He joined The Guardian in 1976, becoming the newspaper's Westminster Correspondent in 1986. He won numerous awards for his political coverage.

He came to national prominence in the 90s for uncovering a series of Westminster political financial scandals in what was dubbed "Tory sleaze", which contributed to the Conservatives' historic landslide defeat to Tony Blair-led Labour in the 1997 election.

One of his investigations uncovered the "Cash-for-questions affair" which led to the bankruptcy of Ian Greer Associates, one of the country's biggest lobbying companies, and the resignations of two junior ministers, Neil Hamilton and Tim Smith. Hencke was named in 1994 What the Papers Say Journalist of the Year for this exposé.
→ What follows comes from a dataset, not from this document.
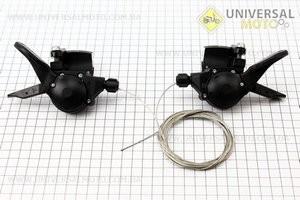 Переключатель "манетка" левый (3ск)+правый (9ск) к-кт, ACERA SL-M3000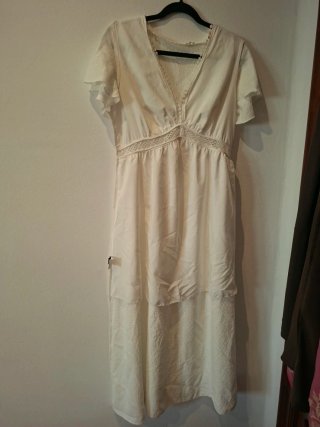 Vestido blanco largo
Hencke won "Scoop of the Year" in 1998 for another story, concerning newly elected New Labour, that caused the first resignation of Peter Mandelson, over a secret undeclared £373,000 home loan given to him by fellow Treasury minister, Geoffrey Robinson.

After authoring several more books in the 2000s, he took voluntary redundancy from The Guardian after 33 years in 2009. He worked as the Westminster correspondent for Tribune and an investigative journalist for the (now closed) Exaro website.

In 2012, Hencke was named "Political Journalist of the Year" at the British Press Awards. Two uears later, in 2014, he was longlisted for the Orwell Prize for political journalism.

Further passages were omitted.